● **EXERCISE DIRECTIONS**
The records must be repeated exactly and in their entirety.

+++ MATERIAL FOR THIS TASK +++

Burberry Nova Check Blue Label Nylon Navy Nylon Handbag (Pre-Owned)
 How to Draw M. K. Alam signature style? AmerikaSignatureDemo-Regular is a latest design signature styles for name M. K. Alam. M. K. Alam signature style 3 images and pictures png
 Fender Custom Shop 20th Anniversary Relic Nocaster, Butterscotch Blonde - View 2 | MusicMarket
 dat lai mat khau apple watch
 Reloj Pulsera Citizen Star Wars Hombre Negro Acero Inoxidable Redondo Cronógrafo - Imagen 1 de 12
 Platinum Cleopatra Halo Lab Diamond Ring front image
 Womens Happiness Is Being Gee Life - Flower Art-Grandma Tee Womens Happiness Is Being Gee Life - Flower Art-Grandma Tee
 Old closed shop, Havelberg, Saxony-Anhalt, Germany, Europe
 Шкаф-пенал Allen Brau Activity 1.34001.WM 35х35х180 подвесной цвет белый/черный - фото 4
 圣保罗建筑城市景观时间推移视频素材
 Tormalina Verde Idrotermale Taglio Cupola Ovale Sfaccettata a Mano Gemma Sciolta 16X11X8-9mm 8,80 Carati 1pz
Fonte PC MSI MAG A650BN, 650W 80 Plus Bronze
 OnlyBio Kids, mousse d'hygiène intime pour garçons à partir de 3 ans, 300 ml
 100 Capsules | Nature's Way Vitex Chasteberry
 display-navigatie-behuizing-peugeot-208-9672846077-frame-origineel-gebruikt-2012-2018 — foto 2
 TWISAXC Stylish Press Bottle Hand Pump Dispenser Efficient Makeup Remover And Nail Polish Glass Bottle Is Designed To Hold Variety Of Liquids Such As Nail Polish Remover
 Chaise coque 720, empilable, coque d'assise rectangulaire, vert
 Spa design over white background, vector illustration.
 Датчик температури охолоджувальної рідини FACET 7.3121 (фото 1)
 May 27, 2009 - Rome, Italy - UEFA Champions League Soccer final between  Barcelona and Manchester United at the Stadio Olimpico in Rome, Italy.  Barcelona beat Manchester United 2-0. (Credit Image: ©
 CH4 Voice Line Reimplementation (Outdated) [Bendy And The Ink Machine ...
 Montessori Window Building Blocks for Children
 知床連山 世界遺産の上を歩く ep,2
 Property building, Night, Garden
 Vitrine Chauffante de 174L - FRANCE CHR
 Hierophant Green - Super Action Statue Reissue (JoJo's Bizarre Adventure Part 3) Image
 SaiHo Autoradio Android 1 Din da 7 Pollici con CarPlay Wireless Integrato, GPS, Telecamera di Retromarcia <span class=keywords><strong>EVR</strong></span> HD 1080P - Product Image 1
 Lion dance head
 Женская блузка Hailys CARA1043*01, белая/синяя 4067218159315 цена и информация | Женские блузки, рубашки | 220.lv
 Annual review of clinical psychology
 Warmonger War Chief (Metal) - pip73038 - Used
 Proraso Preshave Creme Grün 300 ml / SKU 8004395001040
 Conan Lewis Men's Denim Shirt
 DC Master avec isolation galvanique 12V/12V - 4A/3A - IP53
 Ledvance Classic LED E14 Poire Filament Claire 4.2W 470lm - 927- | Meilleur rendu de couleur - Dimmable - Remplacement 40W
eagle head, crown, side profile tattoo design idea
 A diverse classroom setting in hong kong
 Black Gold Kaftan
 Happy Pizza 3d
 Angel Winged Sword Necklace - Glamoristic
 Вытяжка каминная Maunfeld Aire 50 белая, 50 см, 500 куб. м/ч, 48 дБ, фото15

+++

● **OUTPUT FOR THIS EXERCISE**
Burberry Nova Check Blue Label Nylon Navy Nylon Handbag (Pre-Owned)
 How to Draw M. K. Alam signature style? AmerikaSignatureDemo-Regular is a latest design signature styles for name M. K. Alam. M. K. Alam signature style 3 images and pictures png
 Fender Custom Shop 20th Anniversary Relic Nocaster, Butterscotch Blonde - View 2 | MusicMarket
 dat lai mat khau apple watch
 Reloj Pulsera Citizen Star Wars Hombre Negro Acero Inoxidable Redondo Cronógrafo - Imagen 1 de 12
 Platinum Cleopatra Halo Lab Diamond Ring front image
 Womens Happiness Is Being Gee Life - Flower Art-Grandma Tee Womens Happiness Is Being Gee Life - Flower Art-Grandma Tee
 Old closed shop, Havelberg, Saxony-Anhalt, Germany, Europe
 Шкаф-пенал Allen Brau Activity 1.34001.WM 35х35х180 подвесной цвет белый/черный - фото 4
 圣保罗建筑城市景观时间推移视频素材
 Tormalina Verde Idrotermale Taglio Cupola Ovale Sfaccettata a Mano Gemma Sciolta 16X11X8-9mm 8,80 Carati 1pz
Fonte PC MSI MAG A650BN, 650W 80 Plus Bronze
 OnlyBio Kids, mousse d'hygiène intime pour garçons à partir de 3 ans, 300 ml
 100 Capsules | Nature's Way Vitex Chasteberry
 display-navigatie-behuizing-peugeot-208-9672846077-frame-origineel-gebruikt-2012-2018 — foto 2
 TWISAXC Stylish Press Bottle Hand Pump Dispenser Efficient Makeup Remover And Nail Polish Glass Bottle Is Designed To Hold Variety Of Liquids Such As Nail Polish Remover
 Chaise coque 720, empilable, coque d'assise rectangulaire, vert
 Spa design over white background, vector illustration.
 Датчик температури охолоджувальної рідини FACET 7.3121 (фото 1)
 May 27, 2009 - Rome, Italy - UEFA Champions League Soccer final between  Barcelona and Manchester United at the Stadio Olimpico in Rome, Italy.  Barcelona beat Manchester United 2-0. (Credit Image: ©
 CH4 Voice Line Reimplementation (Outdated) [Bendy And The Ink Machine ...
 Montessori Window Building Blocks for Children
 知床連山 世界遺産の上を歩く ep,2
 Property building, Night, Garden
 Vitrine Chauffante de 174L - FRANCE CHR
 Hierophant Green - Super Action Statue Reissue (JoJo's Bizarre Adventure Part 3) Image
 SaiHo Autoradio Android 1 Din da 7 Pollici con CarPlay Wireless Integrato, GPS, Telecamera di Retromarcia <span class=keywords><strong>EVR</strong></span> HD 1080P - Product Image 1
 Lion dance head
 Женская блузка Hailys CARA1043*01, белая/синяя 4067218159315 цена и информация | Женские блузки, рубашки | 220.lv
 Annual review of clinical psychology
 Warmonger War Chief (Metal) - pip73038 - Used
 Proraso Preshave Creme Grün 300 ml / SKU 8004395001040
 Conan Lewis Men's Denim Shirt
 DC Master avec isolation galvanique 12V/12V - 4A/3A - IP53
 Ledvance Classic LED E14 Poire Filament Claire 4.2W 470lm - 927- | Meilleur rendu de couleur - Dimmable - Remplacement 40W
eagle head, crown, side profile tattoo design idea
 A diverse classroom setting in hong kong
 Black Gold Kaftan
 Happy Pizza 3d
 Angel Winged Sword Necklace - Glamoristic
 Вытяжка каминная Maunfeld Aire 50 белая, 50 см, 500 куб. м/ч, 48 дБ, фото15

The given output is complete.